Working data section start
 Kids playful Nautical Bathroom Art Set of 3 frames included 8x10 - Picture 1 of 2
Working data section end
Working data section start
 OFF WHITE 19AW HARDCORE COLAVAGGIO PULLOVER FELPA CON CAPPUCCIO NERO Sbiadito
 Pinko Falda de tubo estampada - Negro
Working data section end
Working data section start
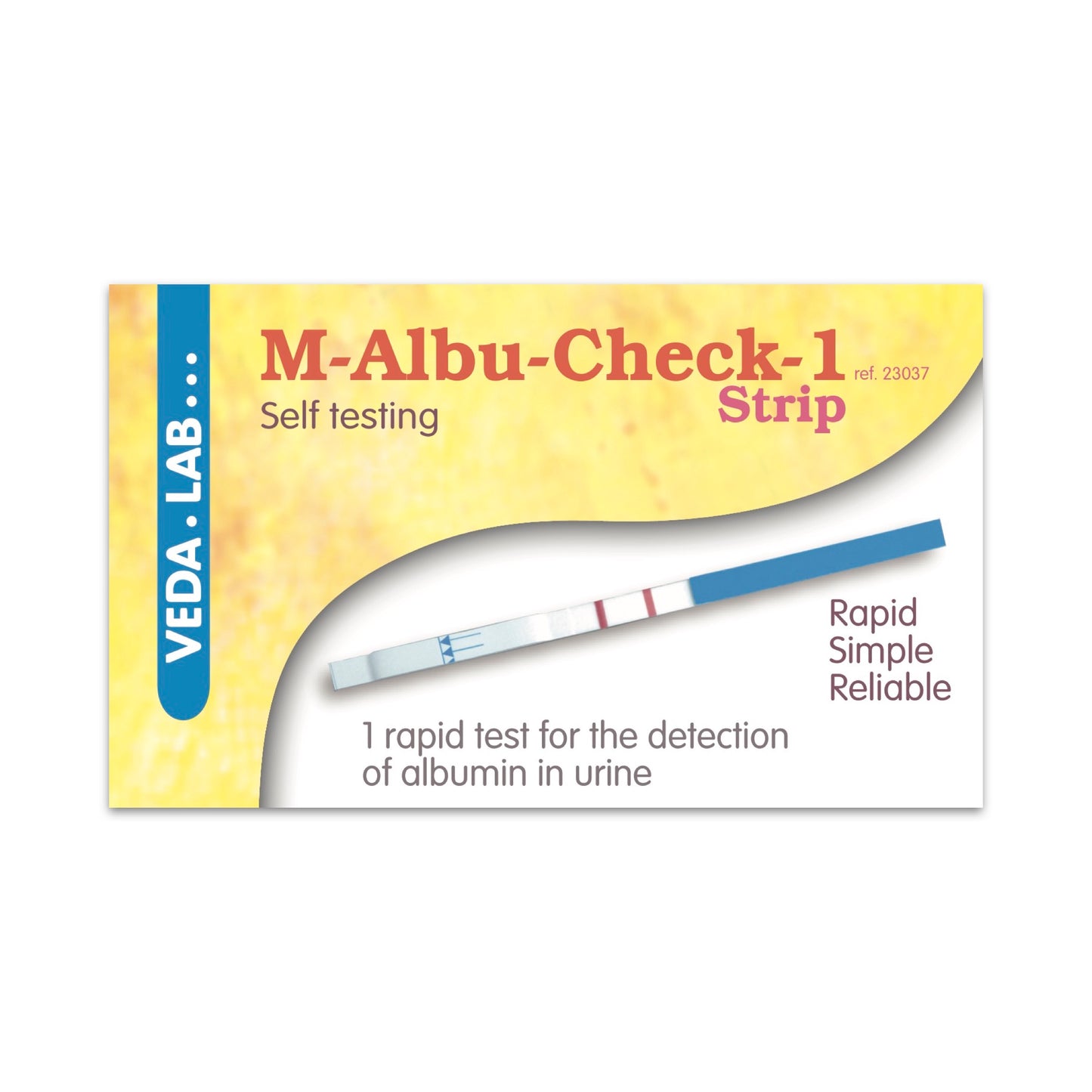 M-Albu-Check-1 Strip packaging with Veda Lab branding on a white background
Working data section end
• **Task brief**: From the listing above, the lines starting with the one that has "OFF WHITE 19AW" and running through the one that has "Pinko Falda de tubo estampada - Negro" should be copied exactly, ends included.

• **Answer to the problem**:
 OFF WHITE 19AW HARDCORE COLAVAGGIO PULLOVER FELPA CON CAPPUCCIO NERO Sbiadito
 Pinko Falda de tubo estampada - Negro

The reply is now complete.